» Exercise brief
For the entries below, the expected answer is the line with "chica del servicio", the line with "eine Küche mit", and every line between them, exactly as written, and nothing more.

» Records provided
####

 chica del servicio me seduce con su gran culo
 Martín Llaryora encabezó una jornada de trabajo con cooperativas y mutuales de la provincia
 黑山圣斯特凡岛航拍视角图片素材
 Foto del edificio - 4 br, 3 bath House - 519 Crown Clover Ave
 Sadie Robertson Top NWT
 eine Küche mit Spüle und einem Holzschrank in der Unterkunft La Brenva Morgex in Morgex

####

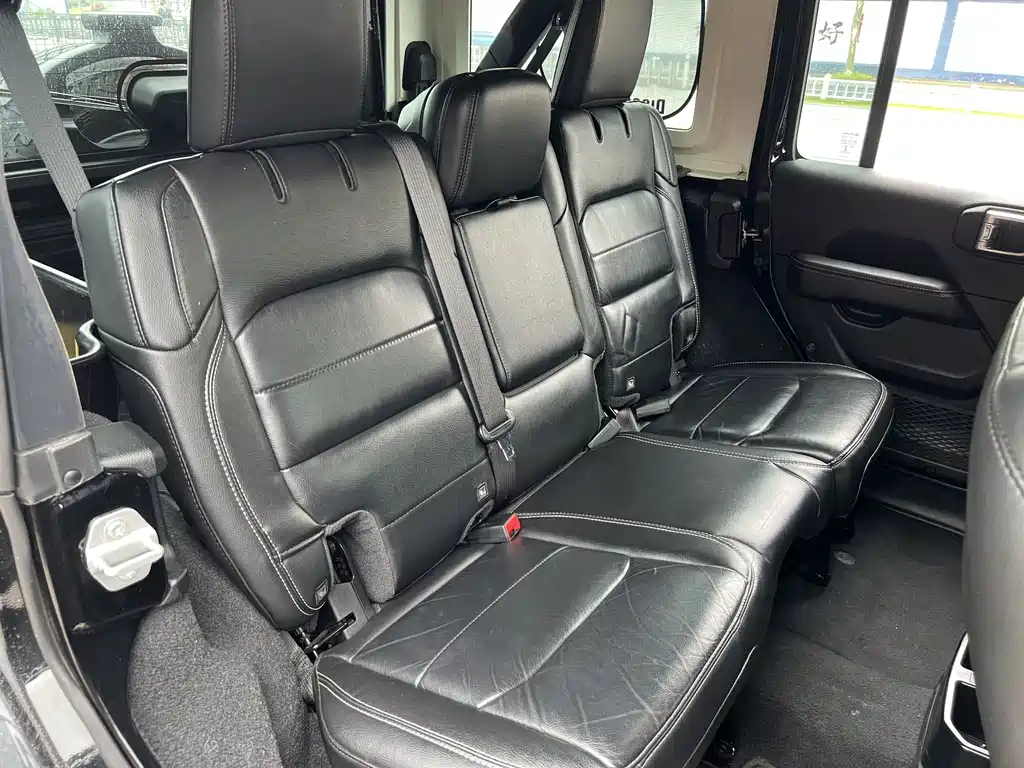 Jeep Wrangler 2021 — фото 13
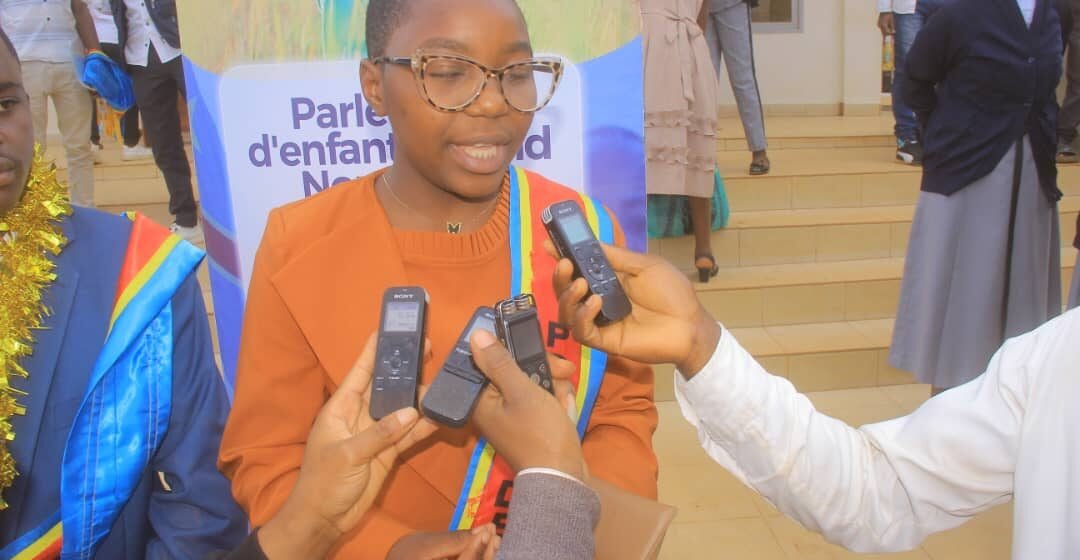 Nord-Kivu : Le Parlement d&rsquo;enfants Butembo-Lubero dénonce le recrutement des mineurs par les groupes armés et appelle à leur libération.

####

» Answer to this task
 chica del servicio me seduce con su gran culo
 Martín Llaryora encabezó una jornada de trabajo con cooperativas y mutuales de la provincia
 黑山圣斯特凡岛航拍视角图片素材
 Foto del edificio - 4 br, 3 bath House - 519 Crown Clover Ave
 Sadie Robertson Top NWT
 eine Küche mit Spüle und einem Holzschrank in der Unterkunft La Brenva Morgex in Morgex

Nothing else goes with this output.